Pictures with short captions:
────────────────────────────────────────
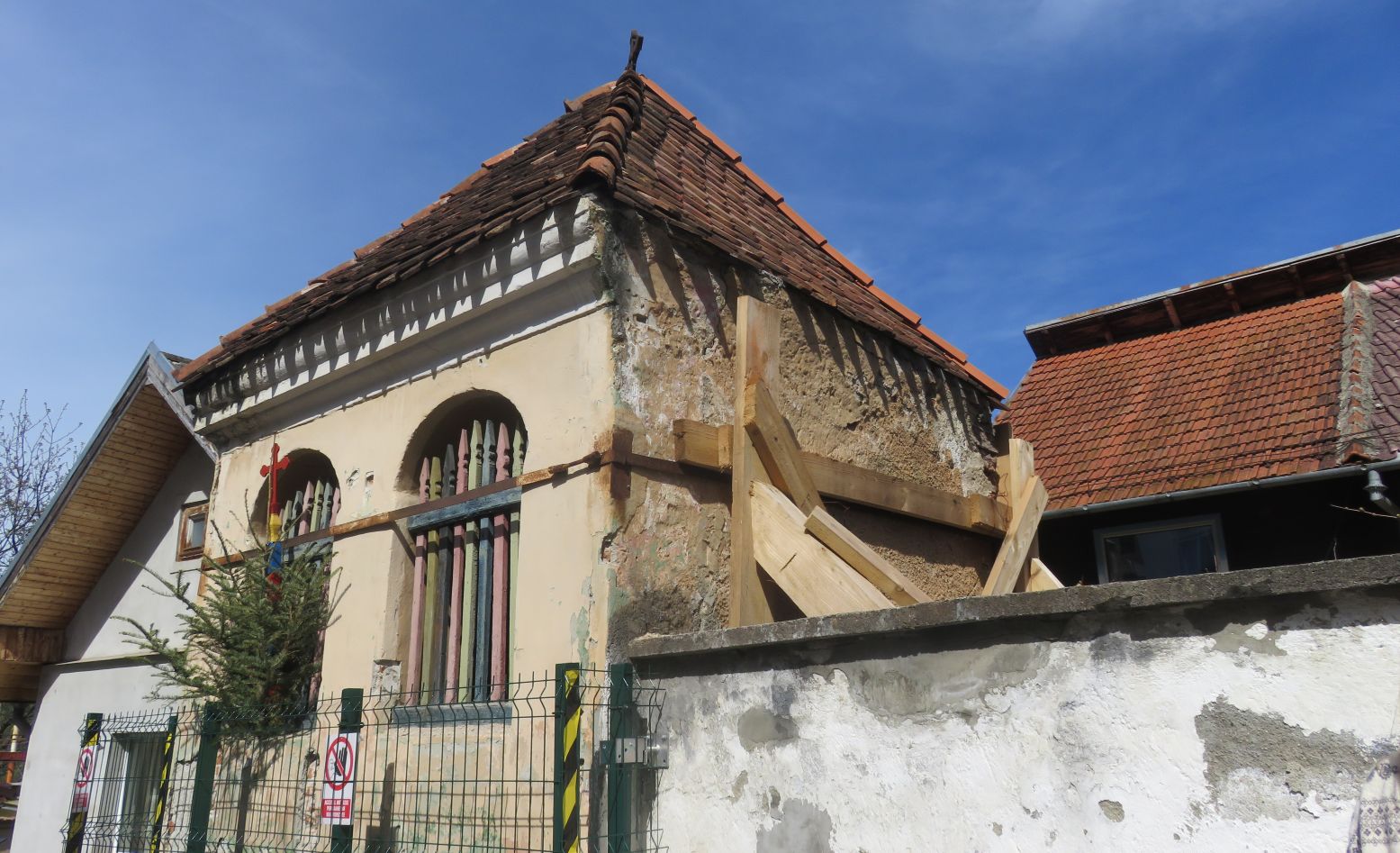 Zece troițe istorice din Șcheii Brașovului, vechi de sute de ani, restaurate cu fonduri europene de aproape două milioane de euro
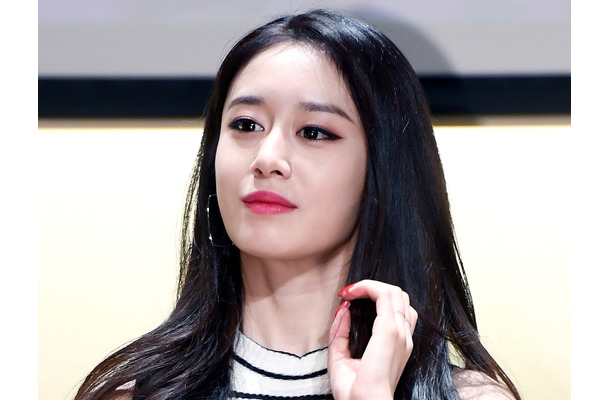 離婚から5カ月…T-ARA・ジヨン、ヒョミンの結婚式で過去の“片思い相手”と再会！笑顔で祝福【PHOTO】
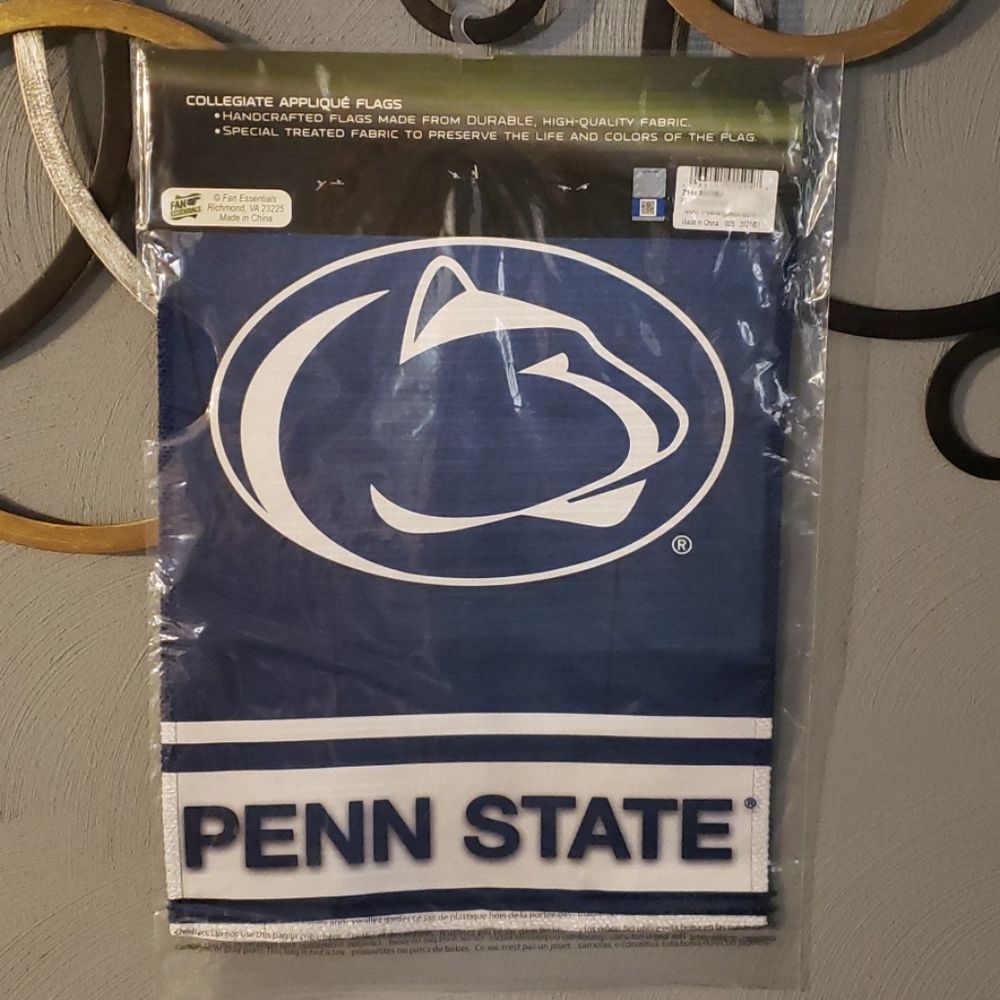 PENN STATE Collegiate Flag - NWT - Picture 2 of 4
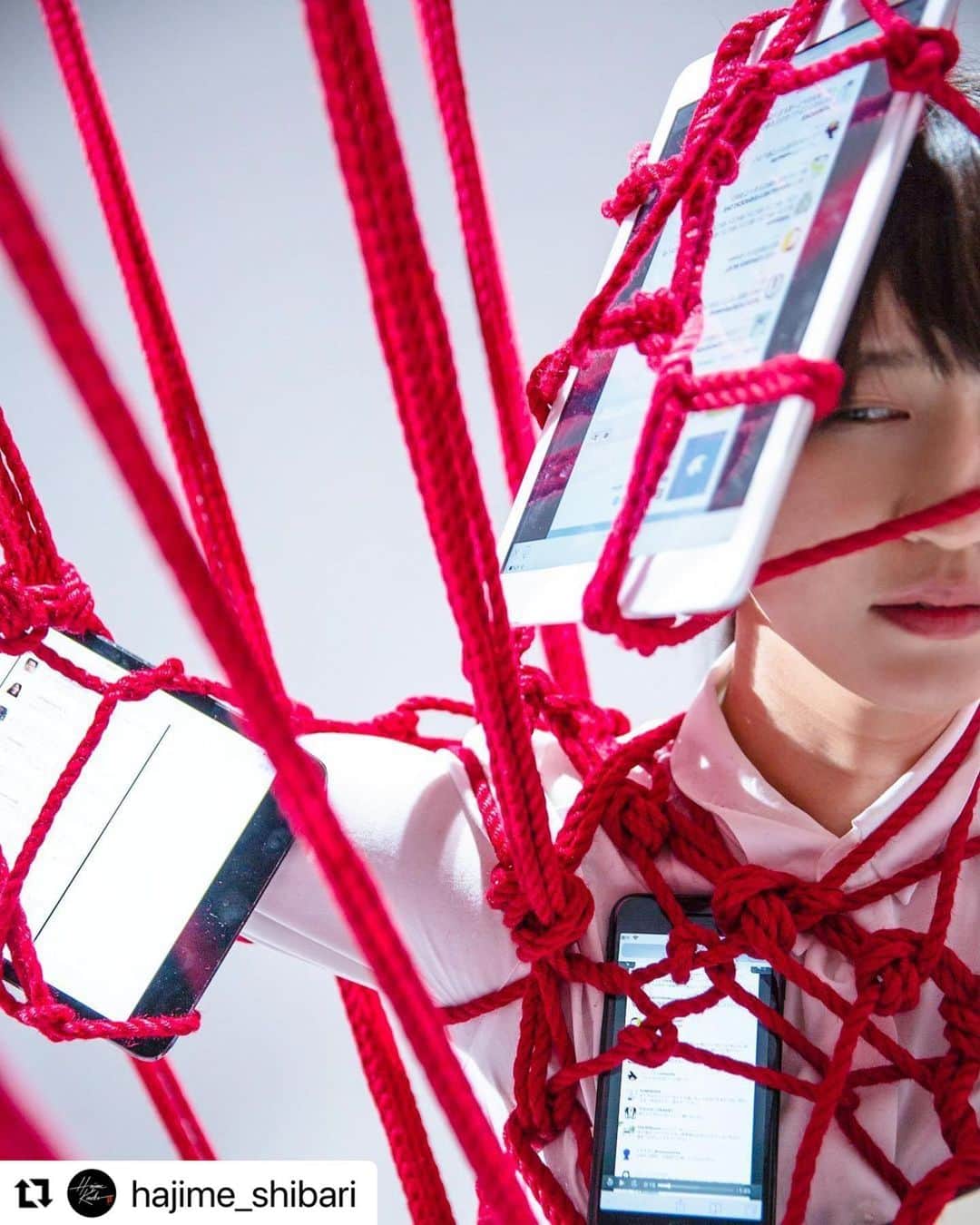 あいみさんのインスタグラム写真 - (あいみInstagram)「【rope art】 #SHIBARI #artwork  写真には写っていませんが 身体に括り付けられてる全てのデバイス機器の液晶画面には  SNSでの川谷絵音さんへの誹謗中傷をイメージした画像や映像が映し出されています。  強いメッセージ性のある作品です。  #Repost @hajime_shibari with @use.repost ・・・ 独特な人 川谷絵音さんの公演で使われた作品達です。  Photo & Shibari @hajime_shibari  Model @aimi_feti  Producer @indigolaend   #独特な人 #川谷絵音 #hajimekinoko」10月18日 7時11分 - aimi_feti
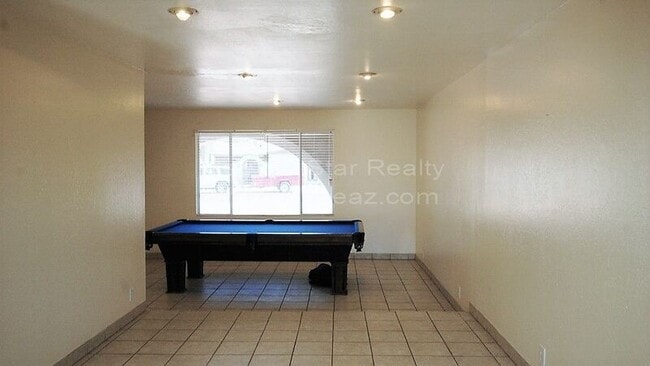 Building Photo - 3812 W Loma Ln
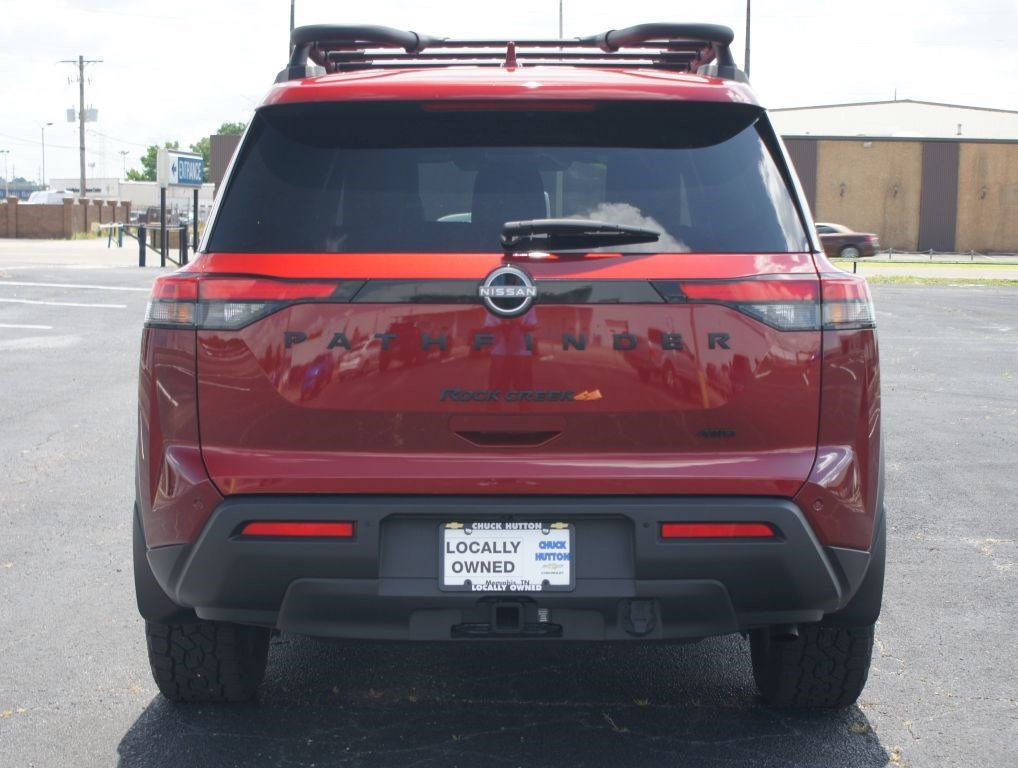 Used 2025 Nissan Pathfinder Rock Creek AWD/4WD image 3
────────────────────────────────────────
* EXERCISE PROMPT
What you output must match the data exactly, apart from the pictures, which are left out.

* TASK RESULT
 Zece troițe istorice din Șcheii Brașovului, vechi de sute de ani, restaurate cu fonduri europene de aproape două milioane de euro
 離婚から5カ月…T-ARA・ジヨン、ヒョミンの結婚式で過去の“片思い相手”と再会！笑顔で祝福【PHOTO】
 PENN STATE Collegiate Flag - NWT - Picture 2 of 4
 あいみさんのインスタグラム写真 - (あいみInstagram)「【rope art】 #SHIBARI #artwork  写真には写っていませんが 身体に括り付けられてる全てのデバイス機器の液晶画面には  SNSでの川谷絵音さんへの誹謗中傷をイメージした画像や映像が映し出されています。  強いメッセージ性のある作品です。  #Repost @hajime_shibari with @use.repost ・・・ 独特な人 川谷絵音さんの公演で使われた作品達です。  Photo & Shibari @hajime_shibari  Model @aimi_feti  Producer @indigolaend   #独特な人 #川谷絵音 #hajimekinoko」10月18日 7時11分 - aimi_feti
 Building Photo - 3812 W Loma Ln
 Used 2025 Nissan Pathfinder Rock Creek AWD/4WD image 3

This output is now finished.